The Ukrainian Grey has been shown by studies of microsatellite data to be a very ancient one, as are some other related breeds of Grey Steppe cattle such as the Serbian Steppe. Until the beginning of the twentieth century the Ukrainian Grey was the principal cattle breed of Ukraine. It was hardy, frugal and well adapted to the steppe environment, and was used principally as a draught animal; when heavy horses began to replace oxen in agriculture in the nineteenth century, the breed started to decline. A herd-book was started in 1935, at which time it represented about 6.4% of the total cattle population in Ukraine.

A conservation programme was begun in the 1960s, and two conservation herds were established, one at Polivanovka in Dnipropetrovsk Oblast and another at Askania-Nova in Kherson Oblast; in 1982 a small herd of 125 animals was moved from Askania-Nova to Cherga in the Altai Republic. Numbers since the 1980s have been low, at around 1000 head or less, and in 2007 the conservation status of the breed was listed by the FAO as "critical". In 2011 the total number in three conservation herds was 1188, with 32 bulls and 440 breeding cows.
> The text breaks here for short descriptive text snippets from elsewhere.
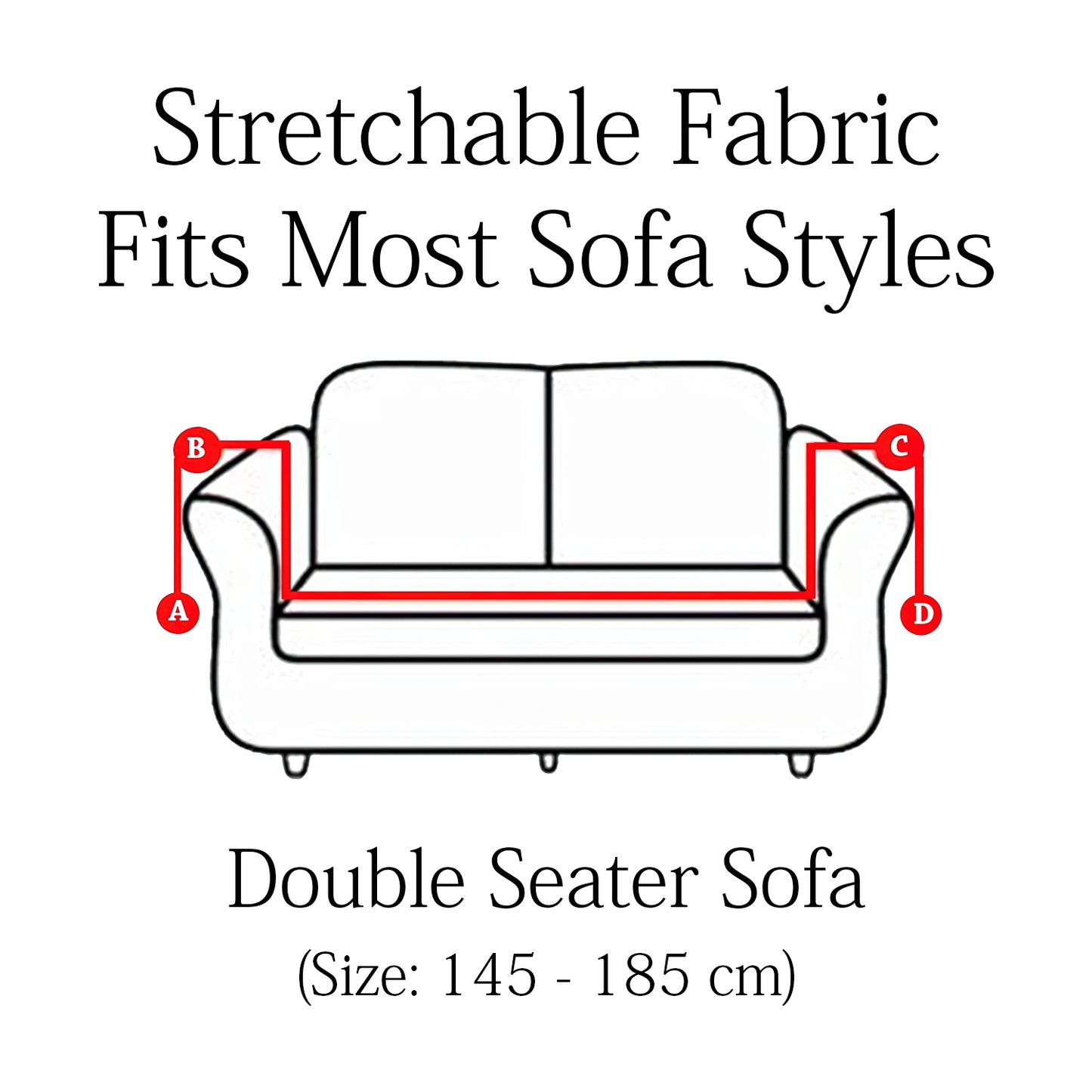Elastic Geometric Printed Sofa Cover 2 Seater- Grey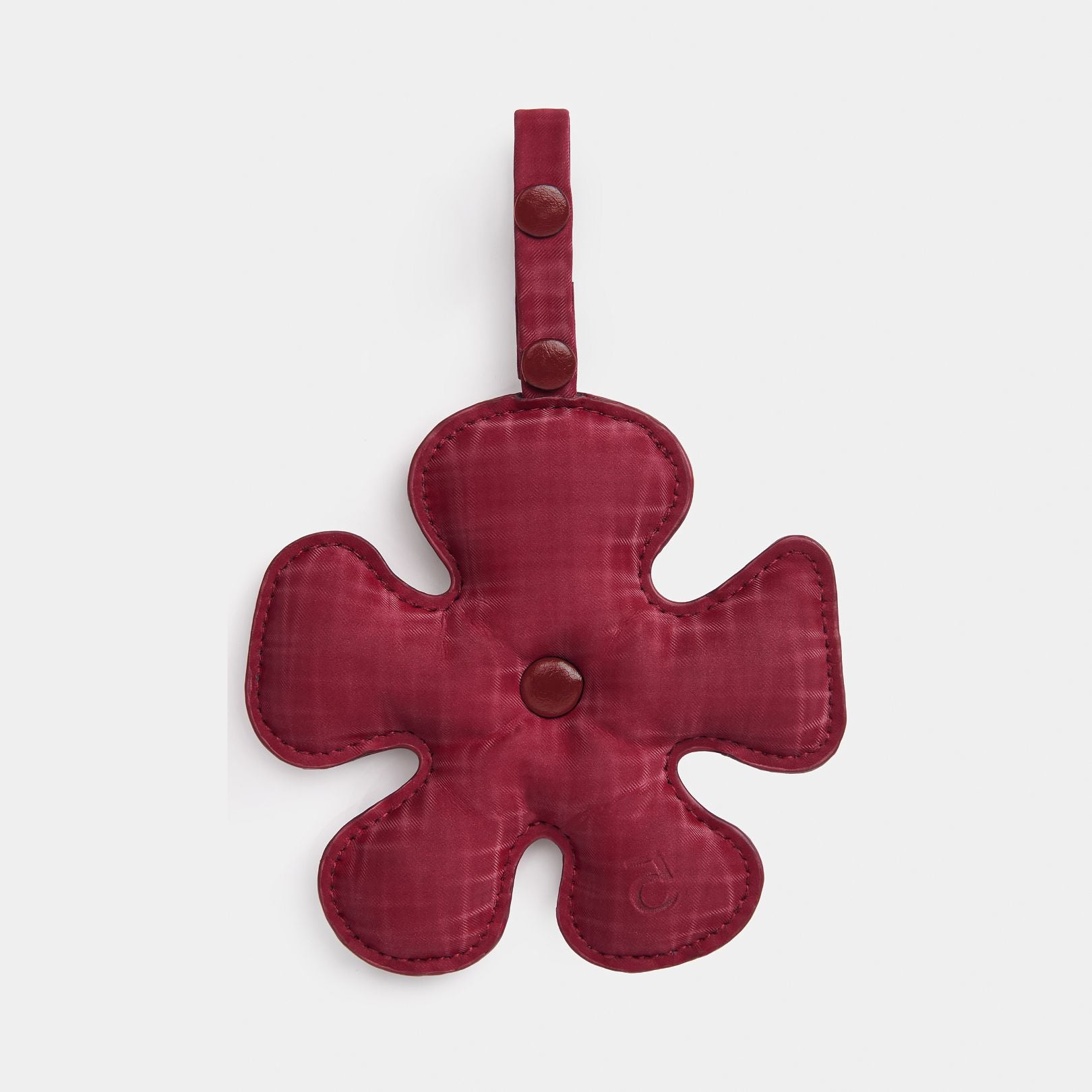 Accessory Fan Flower Charm in Dark Red Checked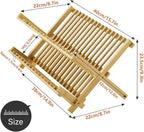 KKTONER Bamboo Dish Drying Rack 2 Tier Foldable Plate Organizer Collapsible - Image 3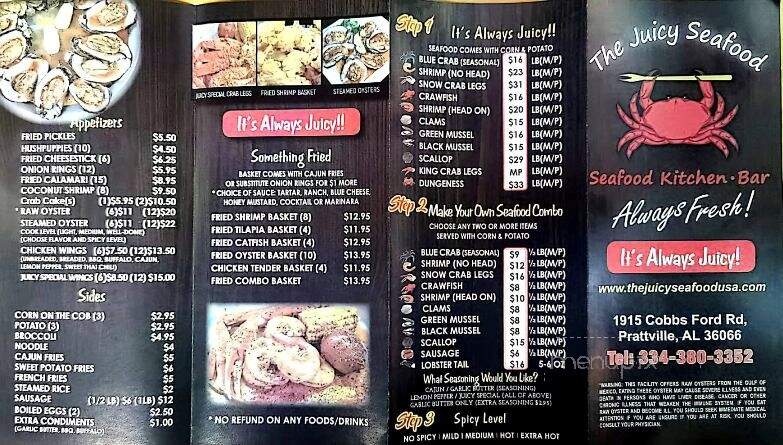 The Juicy Seafood - Prattville, AL menu_pic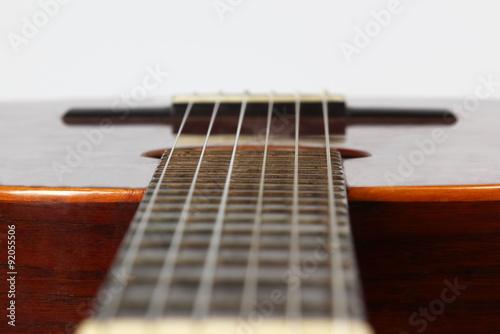 a fragment of classical guitar closeup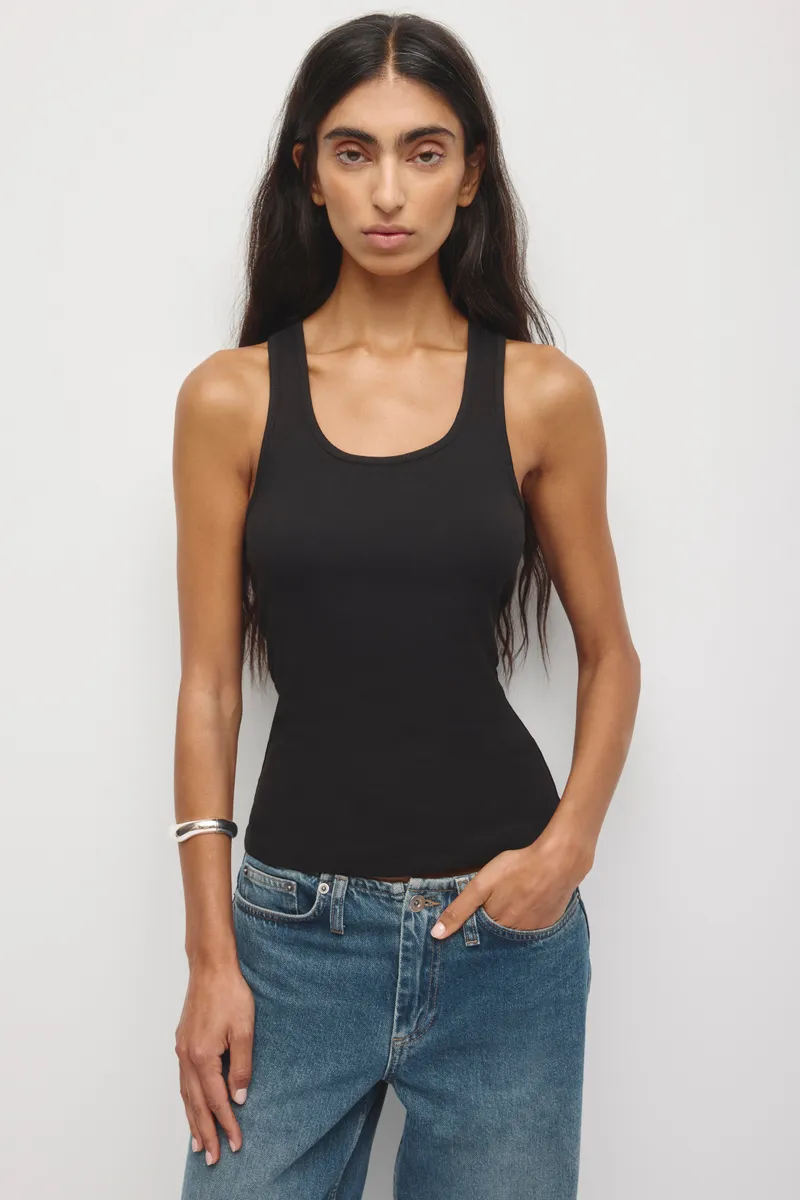 Women's Scoop Racerback Tank in Black 3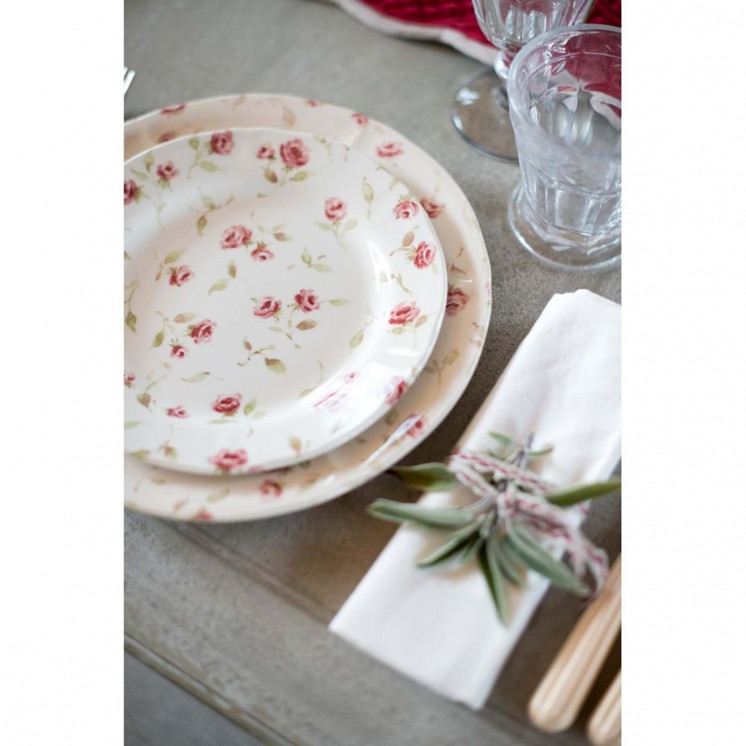 Assiette Stefania style shabby chic  avec fleurs  - Blanc Mariclo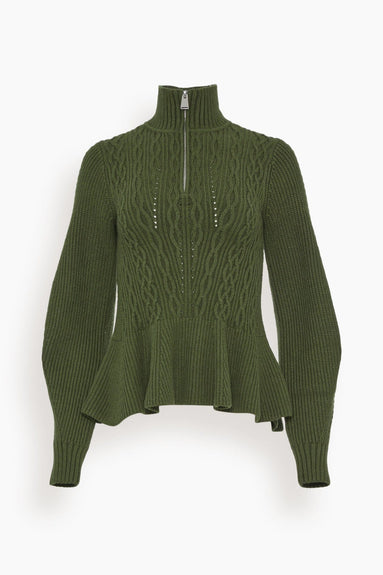 Simkhai Sweaters Susanna Long Sleeve Polo in Moss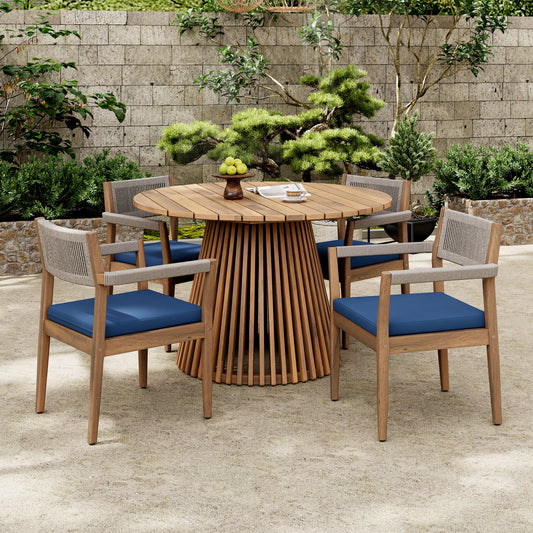 Patio Set Outdoor Acacia Wood Furniture Sets- Braided Dining Chairs(With Navy Cushion)and Patio Dining Table for Garden, Patio & Deck (Teak Look & Beige Rope)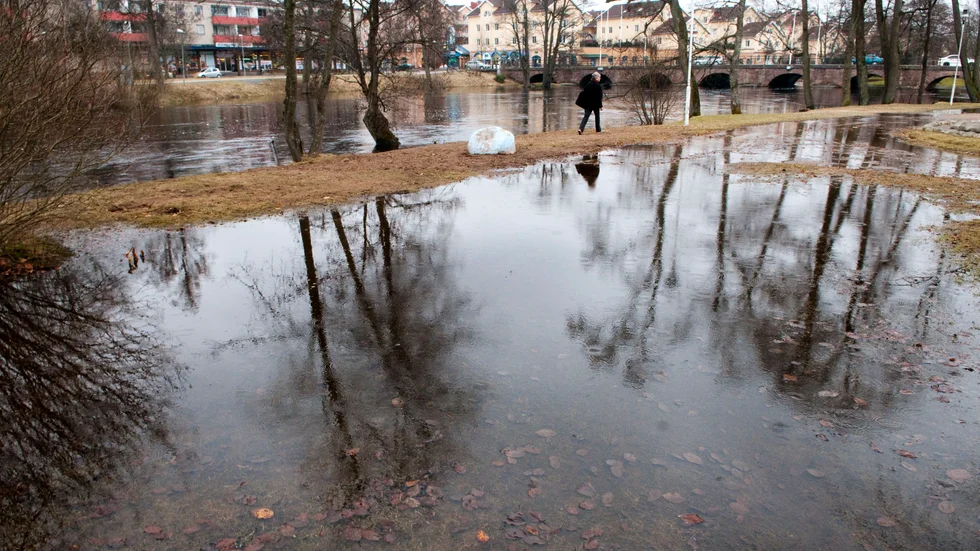 Högt vattenstånd i Värnamo för några år sedan. Arkivbild.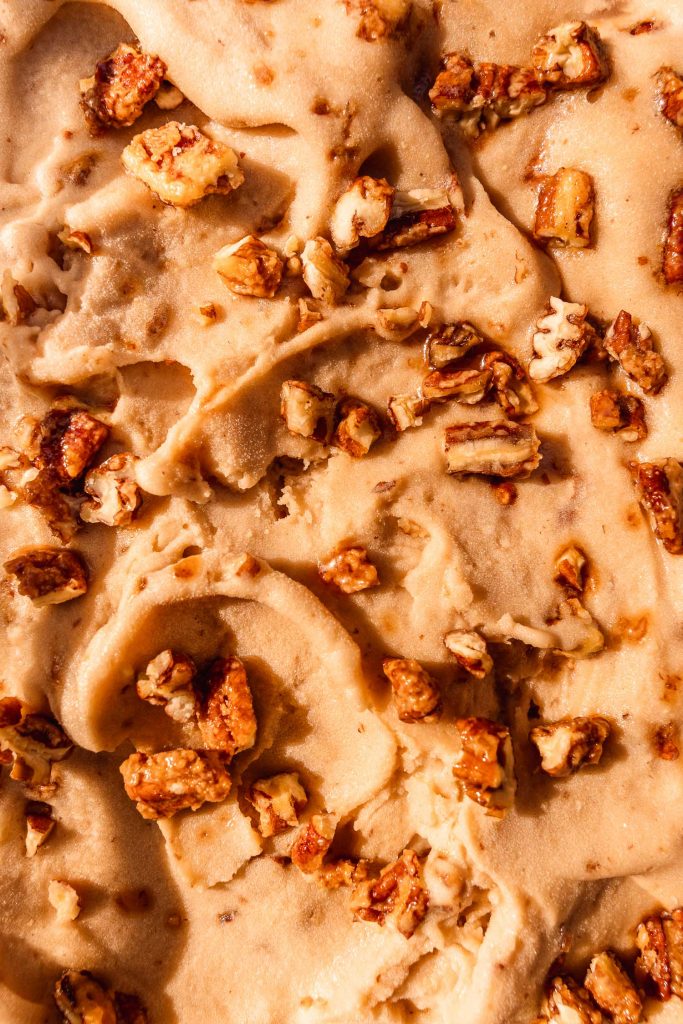 Close of up the texture of a homemade Vegan Maple Pecan Ice Cream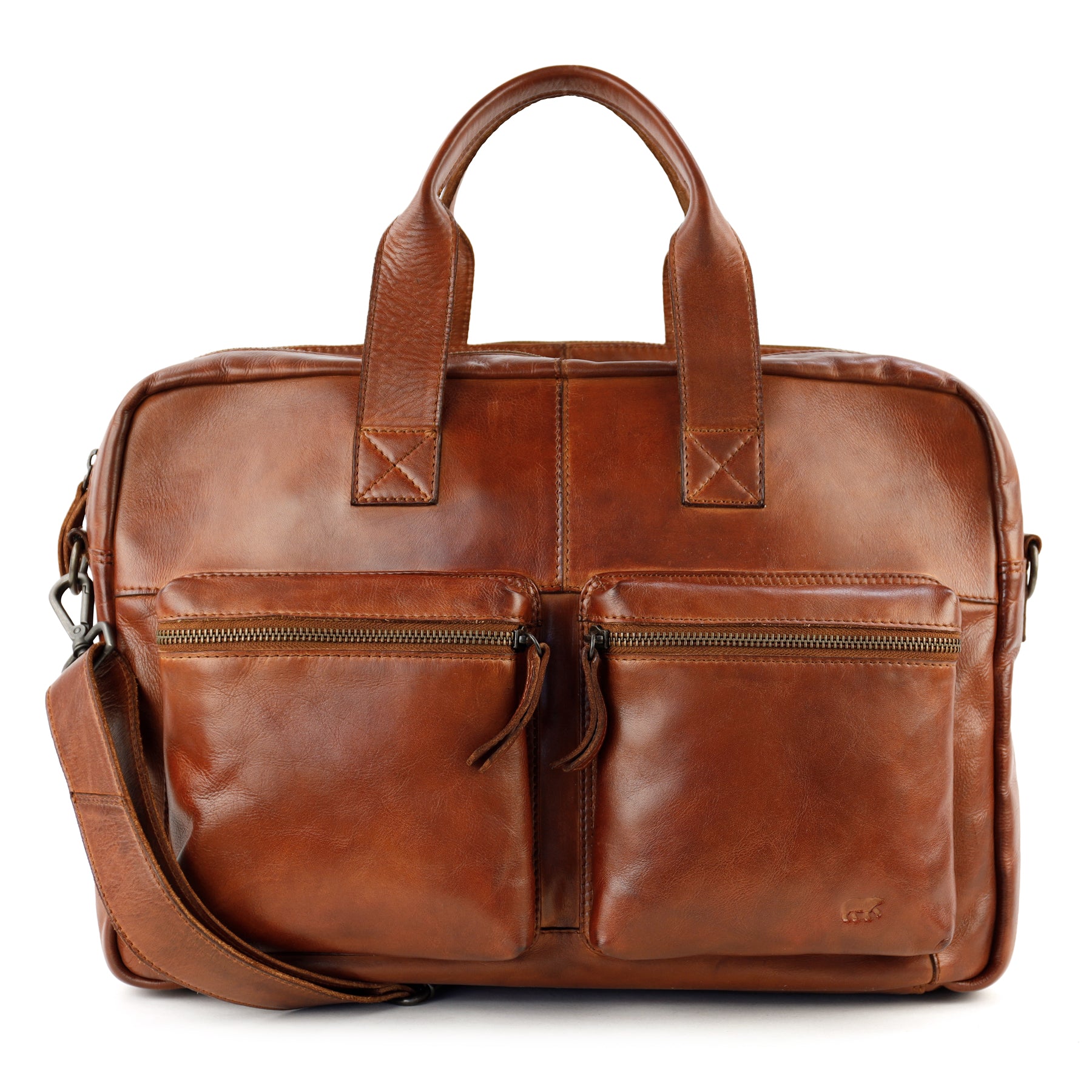 Weekender/laptoptas 15.6" 'Lou' cognac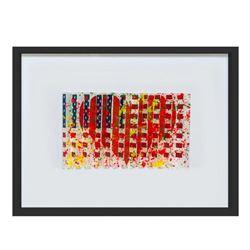 E.M. Zax- One-of-a-kind 3D polymorph mixed media on paper "Flag Heart"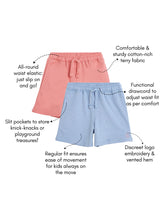 Load image into Gallery viewer, Campana Girls Simone Pack of Two Solid Cotton Terry Shorts - Pink &amp; Blue

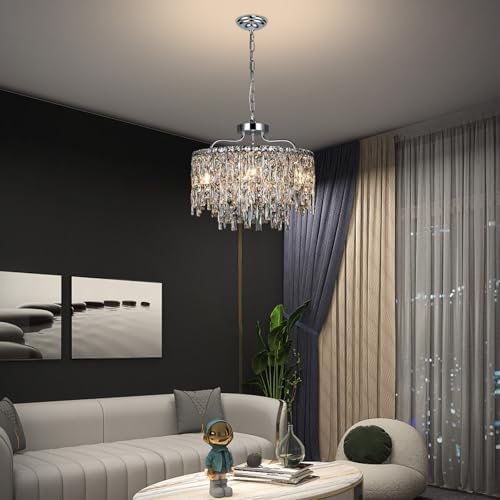 18" 6-Light Modern Round Crystal Chandeliers for Dining Room,Chrome - Image 3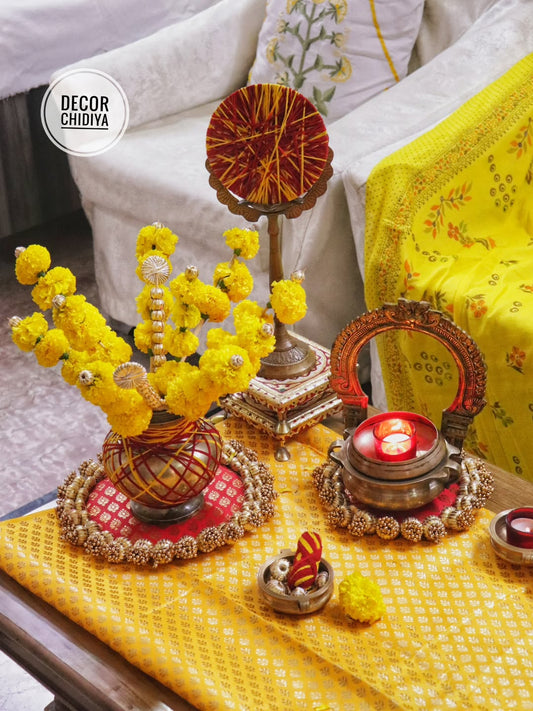 Haldi Glow Brass Pooja & Festive Table Decor Set – Traditional Indian Styling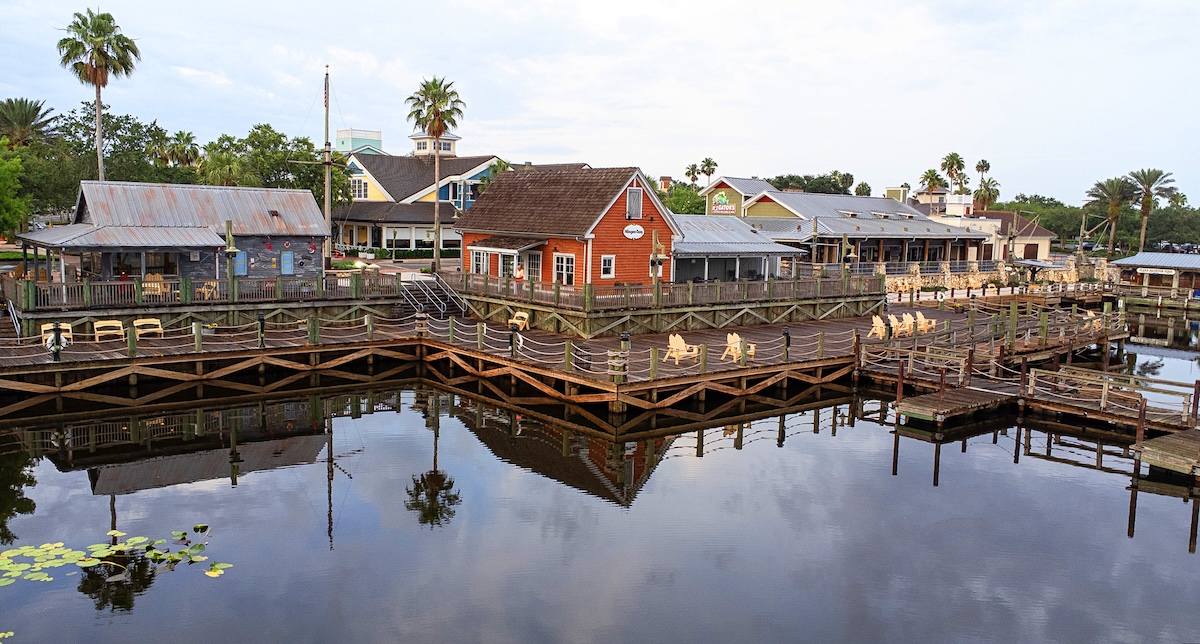 Drone shot of boardwalk at Lake Sumter Landing Drone shot of boardwalk at Lake Sumter Landing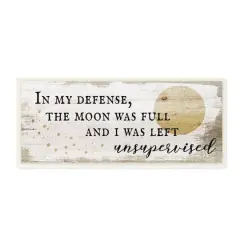 Stupell Industries Full Moon Unsupervised Phrase Rustic Halloween Charm Wood Wall Plaque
The Ukrainian Grey is included in the Ark of Taste of the Slow Food Foundation.

Characteristics 

In this primitive breed, both cows and bulls have horns, as well as grey hides which are their namesake.

Use 

In the Soviet era of Ukrainian history, the Ukrainian Grey was much used for cross-breeding with other breeds. It contributed to the Lebedin, the Red Steppe, and the Ukrainian Simmental. The extinct Malakan breed of Turkey derived from the Ukrainian Grey.